Замминистра Белоусов Медицину видит странно — Мол, она для наших вкусов Прогрессивна и гуманна; Подавил в ней гуманизм Министерский деспотизм, А научный в ней прогресс От бездарностей исчез.

Итак, после шести лет, совместно прожитых, нам теперь предстояло расставание — «оперившиеся» птенцы-студенты разлетались в разные стороны на еще не окрепших врачебных крыльях.

Было весело и грустно — многие из нас крепко сдружились. Когда и где мы опять встретимся? Ядро нашей группы было очень дружным, и мы несколько раз собирались прощаться на квартирах и выезжали за город на пикники. Все наши девчонки уже стали замужними дамами, приводили на эти прощания своих мужей. Только немногие из мужчин еще «держались холостыми», я был один из них.
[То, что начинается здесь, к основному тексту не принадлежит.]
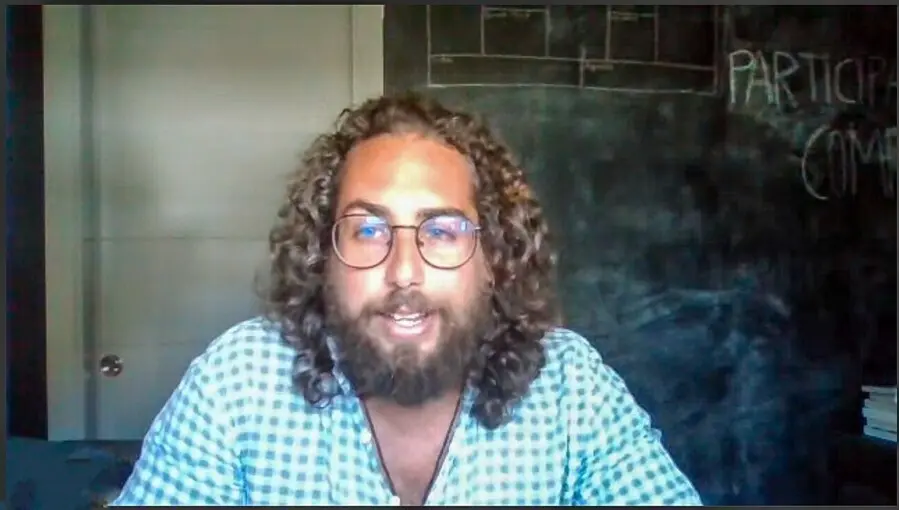 El director del 'Curso de actualizaci&oacute;n en los Trastornos del Especto del Autismo', Luis Arenas, durante una ponencia en los Cursos de Verano de la UPO en Carmona (Sevilla)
Самое последнее прощание всего курса было устроено в роскошном ресторане гостиницы «Метрополь». Вряд ли кто из нас бывал в нем раньше — это был ресторан, часто посещаемый иностранными дипломатами и журналистами, просматривался и прослушивался агентами госбезопасности, и появляться в нем не рекомендовалось — могли заподозрить в нежелательных связях. Да и дорого там все было — не студенческая столовка ведь. Но на этот раз мы внесли большие деньги за обильную выпивку и изысканные блюда и пригласили некоторых преподавателей. Без приглашения вдруг явился философ Подгалло — выпить на дармовщинку.

Мы были веселы, возбуждены, наши дамы пришли очень нарядные — разительная перемена по сравнению с теми девчонками, которых мы увидели в первый раз шесть лет назад. Все дружно пели институтскую песню:

Солнышко старается — сияет, Спят в воротах каменные львы, Мыс тобой последний раз шагаем Улицей родной Москвы…

Кое-кто из ребят быстро напился и стал проявлять пьяную агрессивность. Они начали сводить счеты друг с другом за все шесть лет, то и дело возникали скандалы и потасовки. Девушки кидались их разнимать. В два часа ночи мы, возбужденные и разгоряченные, вышли на улицу, в сквер напротив Большого театра. И вот ребята шумно окружили философа Подгалло. Он обрадовался, что его так любят, и пьяно улыбался. А мы все дружно надавали ему тумаков — бил кто куда. Этот был последний акт нашей студенческой жизни и наша расплата за все годы мук с изучением марксизма-ленинизма.

Прощай, Второй московский медицинский институт!